Mother Natures Dogs

Mother Nature’s Dogs

Combining the sun with ice crystals seems like an impossible task, but leaves it to Mother Nature to produce yet another beautiful image on her atmospheric canvas. One of these images is called a “sun dog” or “mock suns.”

Sun dogs are bright white bursts of light, or can be colored spots caused by the precise combination of ice crystals, atmosphere conditions, refractions and sun light. They usually appear in pairs, one to the right of the sun and one to the left.

Ice crystals in the sky forms many, many ice mirrors. These “mirrors” reflect the sun’s rays and the earth’s atmosphere to form visual images. Water freezes in the atmosphere and produces ice crystals. The ice crystals form in many different shapes. The refraction of light on a six-sided hexagonally shape or stop sign shaped ice crystal is used to make a sun dog. These ice crystals fall to the ground near sunrise and sunset. Sun dogs appear when the sun is near the horizon and when the sky is saturated with ice crystals.

Water droplets falling from the ice crystals reflect the sun’s rays in many directions. The rays bounce off the inside of the droplets many times and many ways before exiting. This ping pong effect of light dancing combined with the atmosphere produces sun dogs.

The atmosphere must be filled with cirrus clouds. The cirrus clouds trap and reflect the sun’s rays. Cirrus clouds are made of heavy ice crystals. Ice crystals can also be produced from the frozen exhaust from air planes. The atmosphere gets filled with ice crystals making the conditions favorable to form sun dogs.

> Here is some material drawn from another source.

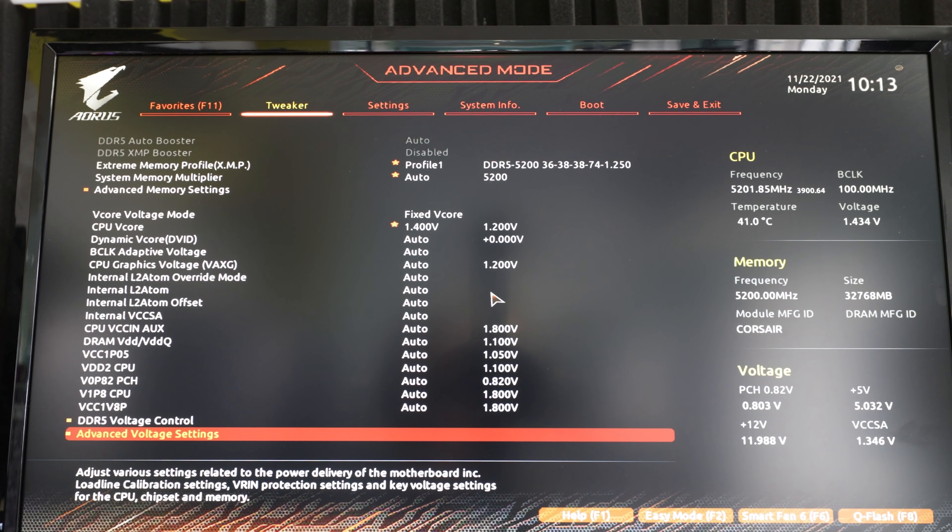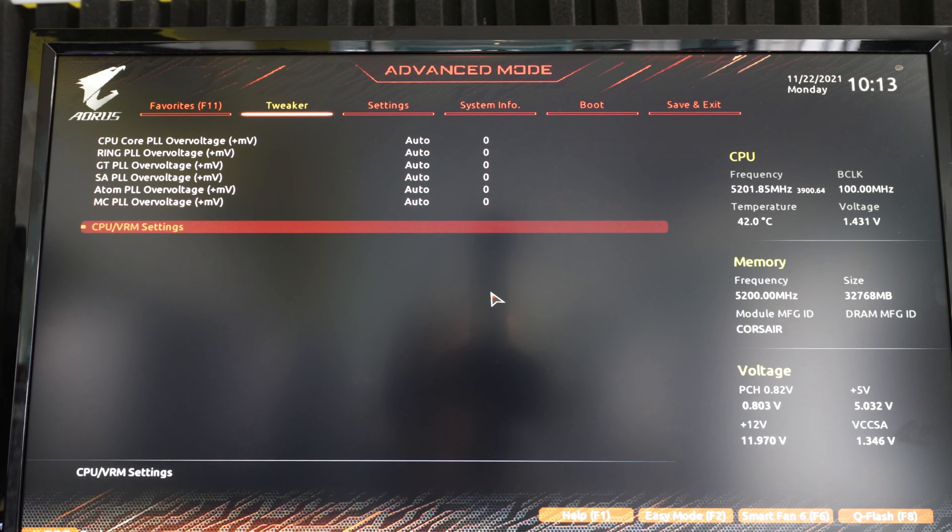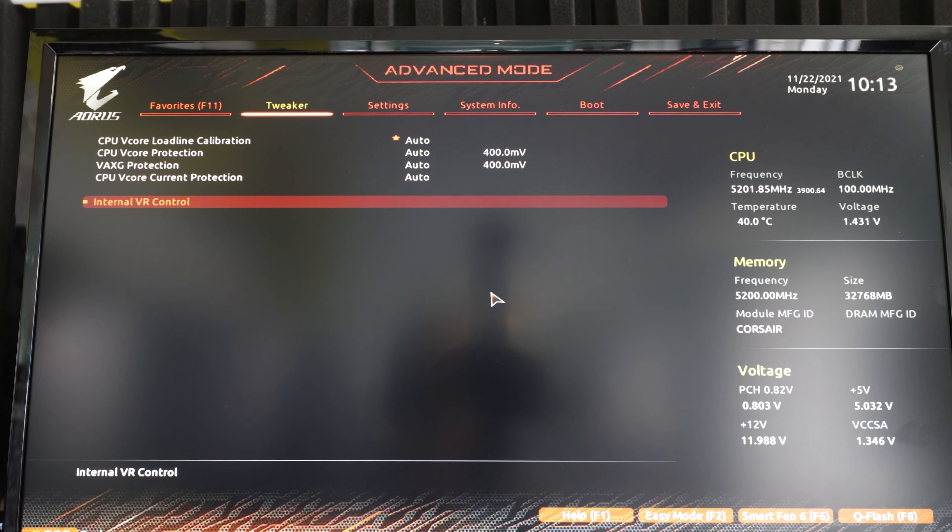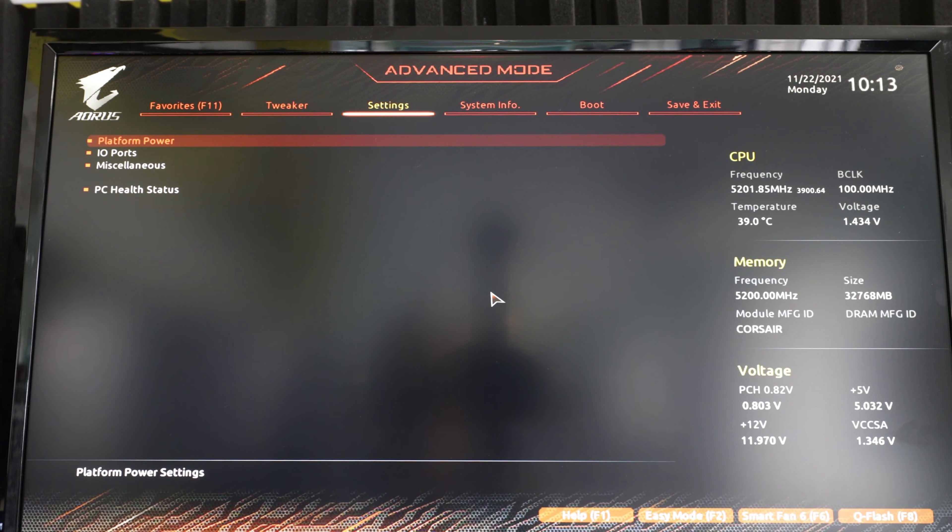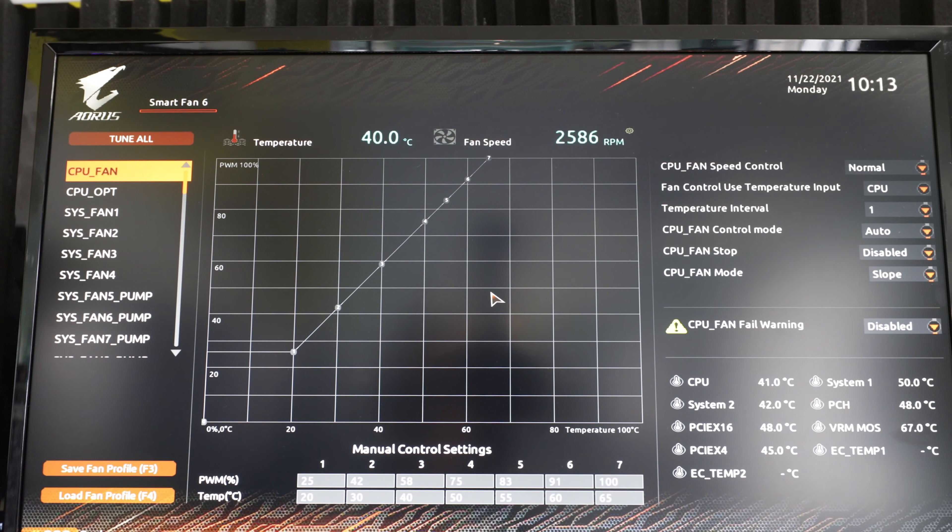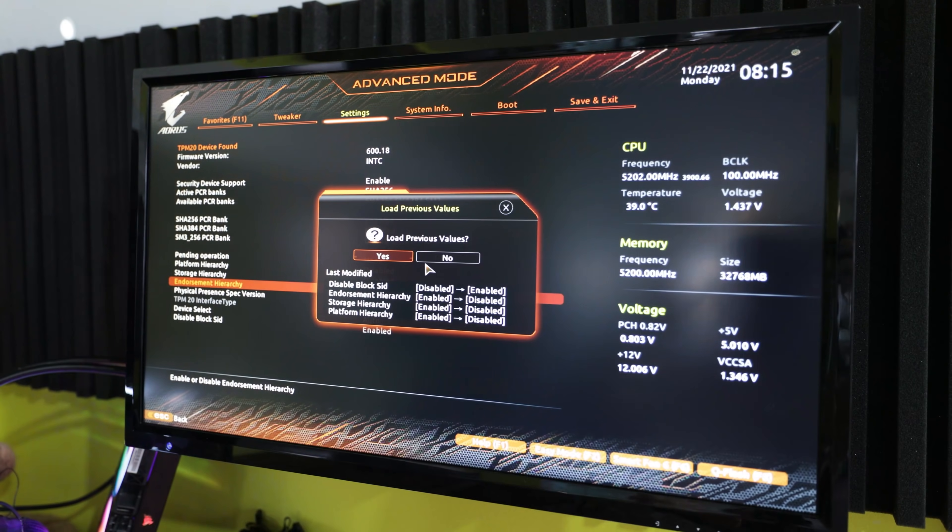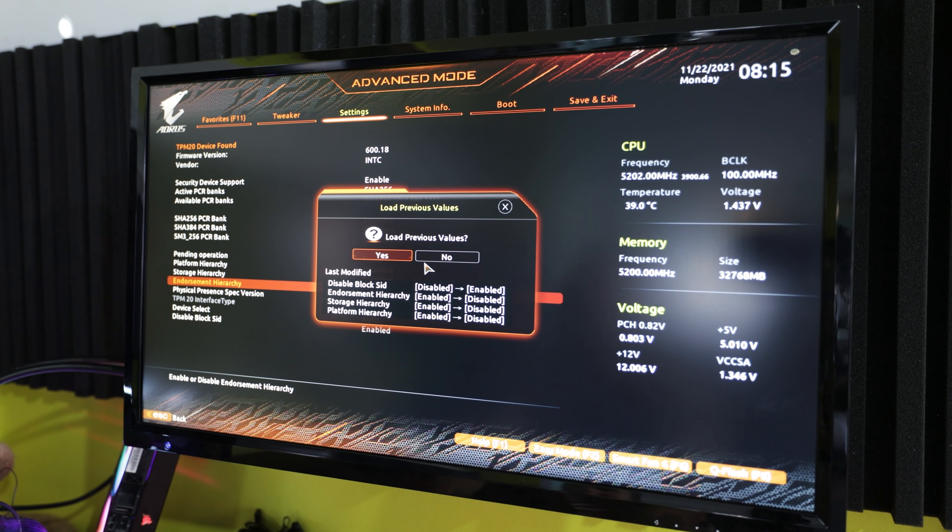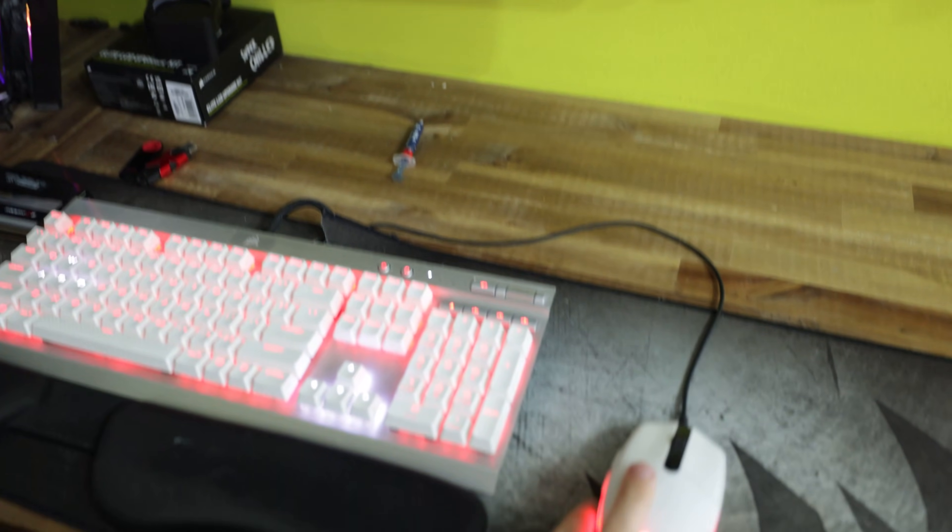I also had some problems where my M.2 drive didn't show up in the BIOS, and then I had to reflash the BIOS, and then it showed up. And then there was also another problem where the BIOS just straight out froze.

Sun dogs were recorded in Ancient Egypt has a day with two suns. The Greeks recorded the sun dogs as “mock suns,” and always at the side of the sun, never above or below it. The Greeks were the first to use the sun dog as a weather predictor. This could be true, because cirrus clouds are known to produce precipitation. Many cirrus clouds may be a sign of a frontal system.

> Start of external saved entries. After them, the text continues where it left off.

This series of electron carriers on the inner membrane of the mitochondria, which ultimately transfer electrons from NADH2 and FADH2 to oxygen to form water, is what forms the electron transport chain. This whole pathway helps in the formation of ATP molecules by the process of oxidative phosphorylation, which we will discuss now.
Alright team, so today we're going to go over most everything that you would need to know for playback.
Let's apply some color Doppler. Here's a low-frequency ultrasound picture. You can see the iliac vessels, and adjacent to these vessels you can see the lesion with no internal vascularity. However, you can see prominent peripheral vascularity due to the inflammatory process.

Sun dogs can appear at any time of the year, but are closest to the sun during the winter months. This is because the sun is lower in the sky and ice crystals are more abundant.

Sun dogs are the second most frequent display of the sun and her images. The halo phenomena or the 22o halo is the first. The major difference between the forming of the two is the shape of the ice crystals. Elongated and flat crystals are used to form other images.